Depois do sucesso acachapante junto a público e crítica (incluindo um Oscar de Melhor Animação), era inevitável que Homem-Aranha no Aranhaverso ganharia uma continuação. Ou duas, já que os produtores/roteiristas Phil Lord e Chris Miller (de Anjos da Lei, Uma Aventura Lego e A Família Mitchell e a Revolta das Máquinas) planejaram uma trilogia para concluir a jornada de Miles Morales, figura popular nos quadrinhos, mas que demorou a chegar às telonas. Contando com uma galeria diversificada de personagens, a produção conseguiu combinar estilo e substância numa história que contemplava as diferenças, ao mesmo tempo em que abria um leque de possibilidades em sua abordagem do multiverso (anos antes de Homem-Aranha Sem Volta Para Casa). Homem-Aranha Através do Aranhaverso não apenas mantém essa postura vanguardista (e a trilha sonora matadora), como aumenta o escopo de seus acertos ao consolidar-se na franquia Homem-Aranha, dando-se o luxo de analisar a importância de cada um que cruzou o caminho do super-herói.

Exibindo a mesma identidade visual que marcou o filme anterior ao propor uma fusão de linguagens (quadrinhos e Cinema), Através do Aranhaverso torna a apostar em telas divididas, onomatopeias e outros recursos típicos das HQs, ao passo que também inclui alternâncias entre o 3D e o 2D, aproveitando as oportunidades que surgem para conferir camadas estéticas ainda mais arrojadas.

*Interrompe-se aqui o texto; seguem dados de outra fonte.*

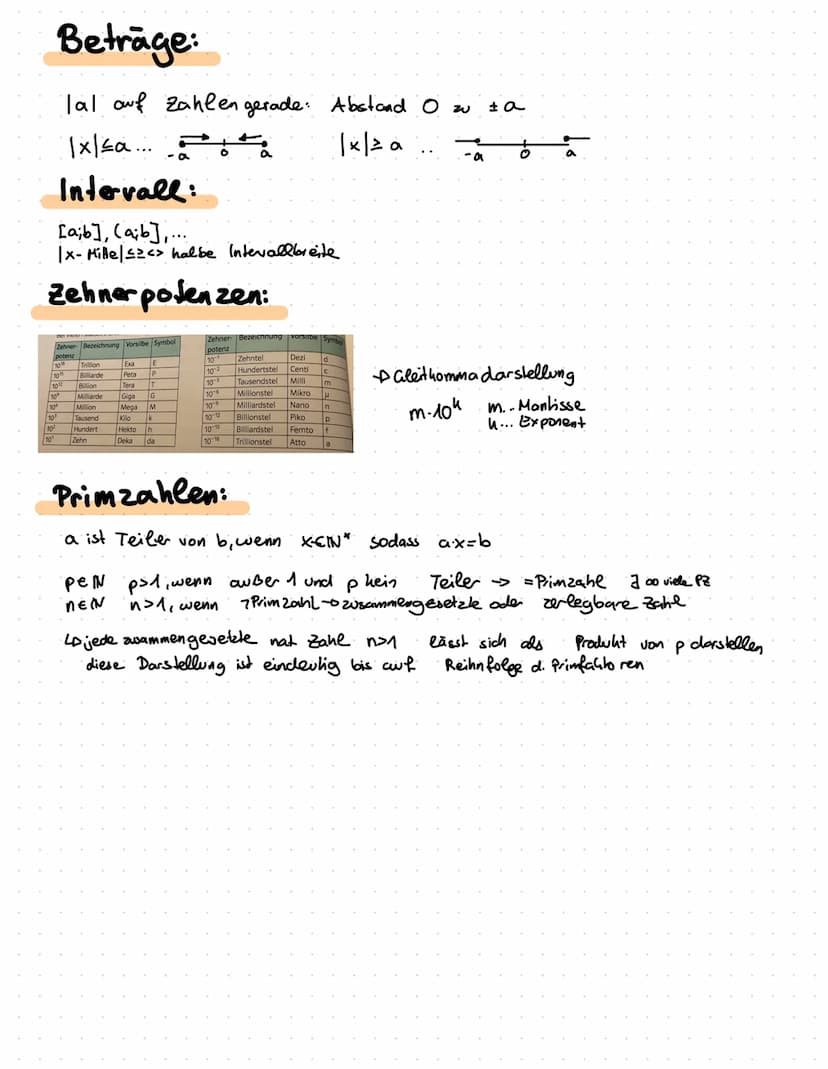 a
Zahlen und Zahlen mengen
IN = {1,2,3,4; 5000
№₂ = {0₁1₁2₁315003³
IN
Z
HE
Aussagen:
R
A^ B
A VB
Z = {. - 2; -1; 0; 1;2²:500} Ganze Zahlen
Q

Cada “universo” visitado possui uma assinatura distinta, diferenciando-se com facilidade uns dos outros. Nueva York, por exemplo, é uma metrópole futurista claramente concebida sob influência do artista visual Syd Mead (o mesmo de clássicos como Blade Runner e Alien), com estradas suspensas, veículos voadores e arranha-céus que fazem jus ao termo (um, em específico, serve como plataforma de lançamento para um foguete).

Já a Terra de Gwen Stacy além de carregar traços marcantes na arquitetura, traz uma fotografia que retrata o lugar com um visual realista, aproximando-se das animações contemporâneas e distanciando-se consideravelmente da "Terra 1610" de Miles Morales, que surge como uma verdadeira ilustração de quadrinhos, seja pelas “bolinhas” que emulam o halftone das páginas ou pelas linhas rústicas que ganham uma improvável combinação com as cores intensas que explodem na tela.

Claro que nada adiantaria ter um véu artístico tão expressivo envolvendo a produção se os personagens não fossem cativantes ou a trama instigante o bastante. Em ambos os casos, felizmente, o filme se sai admiravelmente bem, pois além de desenvolver cuidadosamente o relacionamento entre os personagens centrais (beneficiando-se de uma duração incomum, concedendo espaço a cada um deles), os insere numa cadeia de acontecimentos que não se esquiva dos conflitos. Se normalmente um blockbuster animado desse tipo tenderia a jogar seguro com suas alternativas, Homem-Aranha Através do Aranhaverso é corajoso ao explorar sua história ao máximo, abraçando uma densidade dramática que impacta o espectador justamente graças ao investimento emocional que foi paulatinamente sendo feito ao longo da projeção.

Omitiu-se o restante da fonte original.